(Beginning of Supplied information)

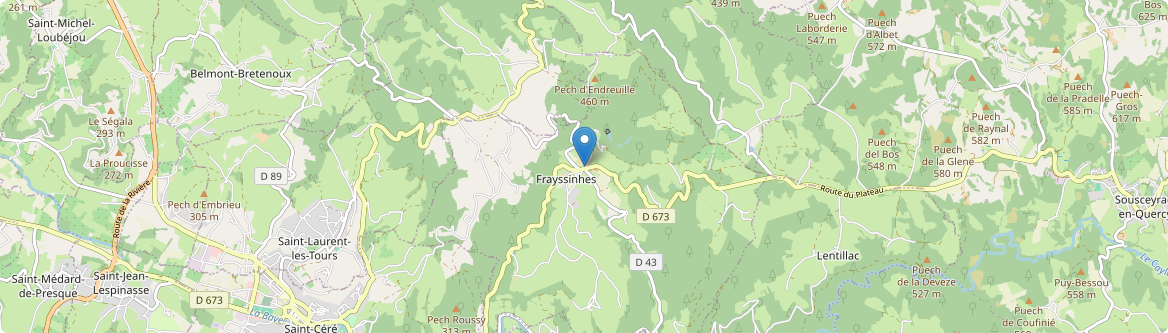 Frayssinhes - Carte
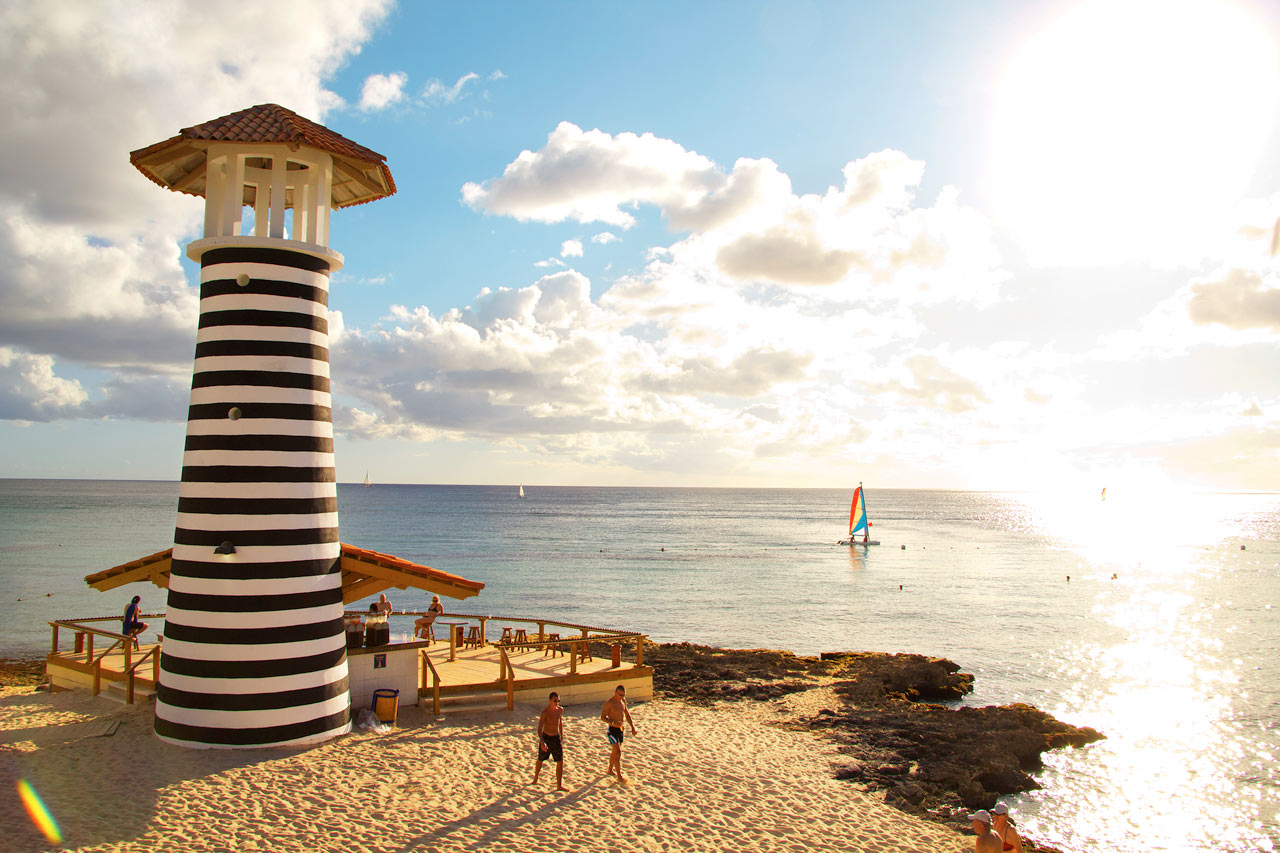 Ved hotell Iberostar Hacienda Dominicus, Bayahibe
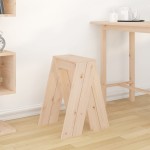 vidaXL Scaune, 2 buc., 40x40x60 cm, lemn masiv de pin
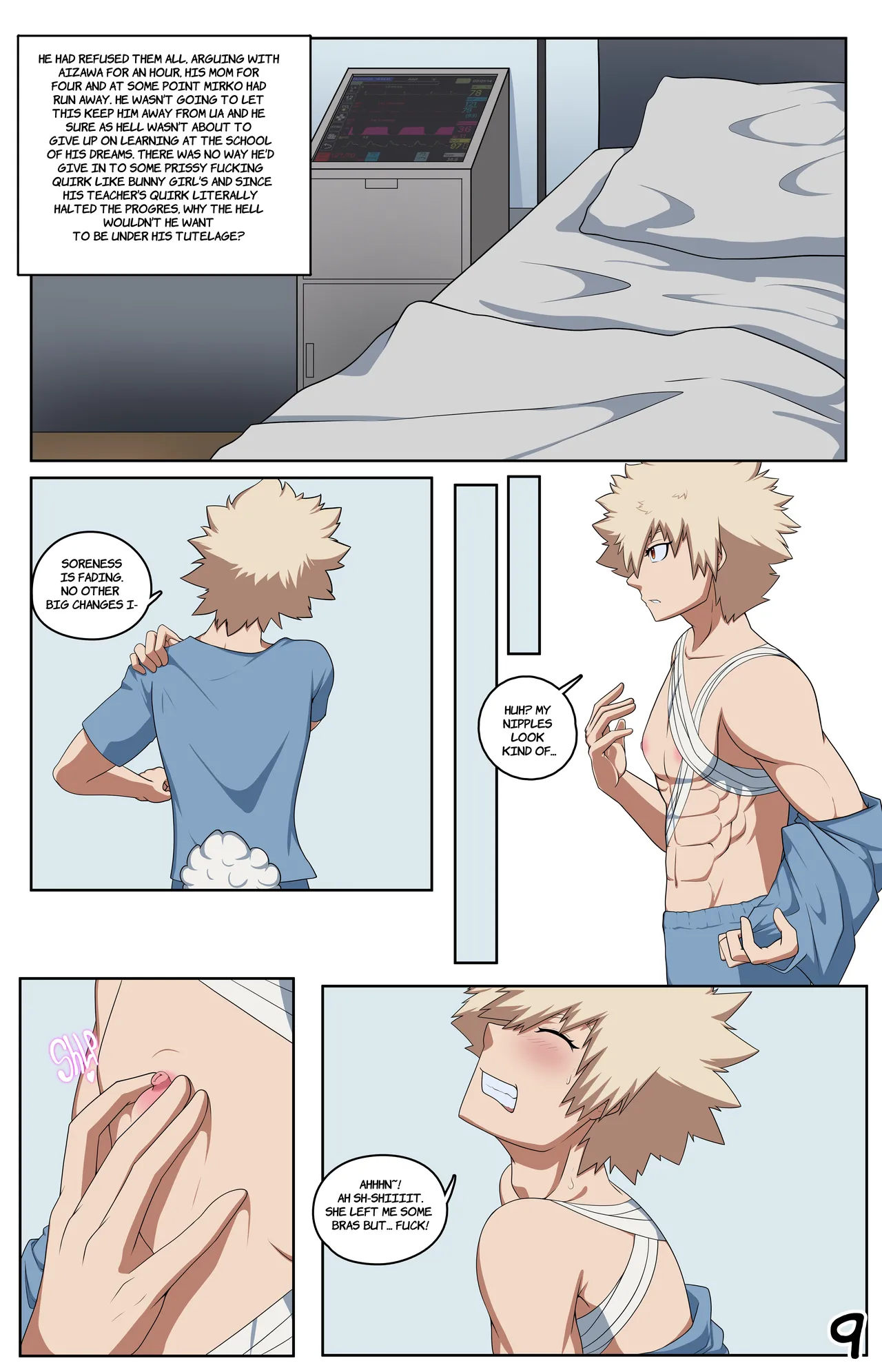 MHA Bunny Boom  Ongoing page 9 full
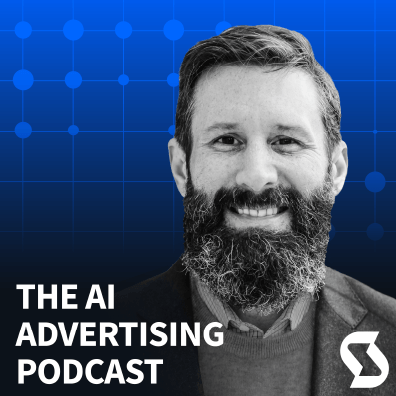 The AI Advertising Podcast cover for Episode 3 with David Wells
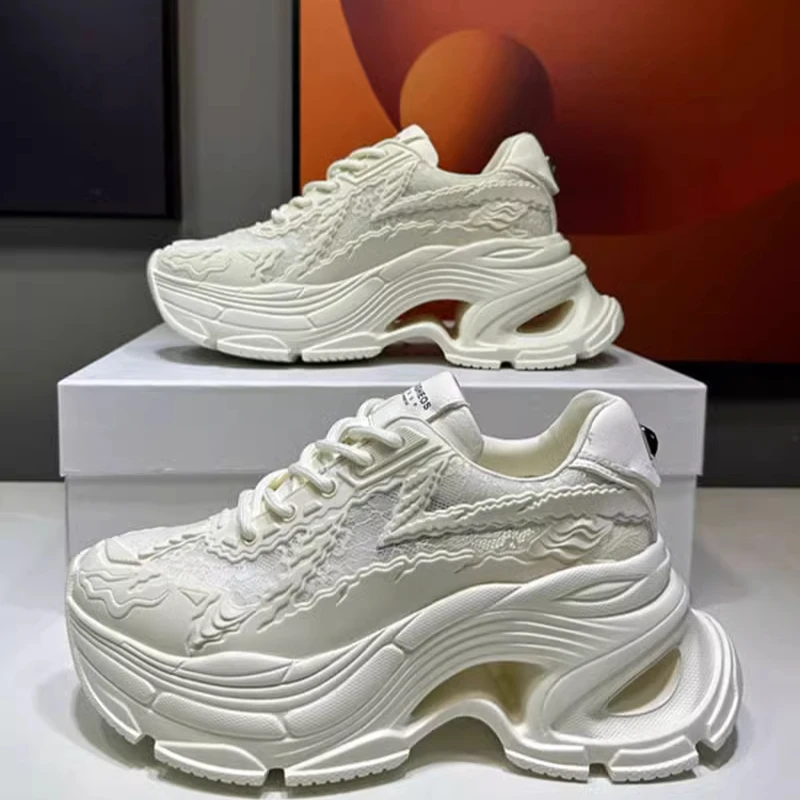 Women’s 8cm Ultra Light Genuine Leather Casual Daddy Shoes | UNITYPUREMAX™ Height Increasing Sneakers 2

(End of Supplied information)

Work instructions >> In the records above, find the line that contains "vidaXL Scaune, 2". Print it and every later line exactly, omitting the pictures.

Output for this exercise >>
 vidaXL Scaune, 2 buc., 40x40x60 cm, lemn masiv de pin
 MHA Bunny Boom  Ongoing page 9 full
 The AI Advertising Podcast cover for Episode 3 with David Wells
 Women’s 8cm Ultra Light Genuine Leather Casual Daddy Shoes | UNITYPUREMAX™ Height Increasing Sneakers 2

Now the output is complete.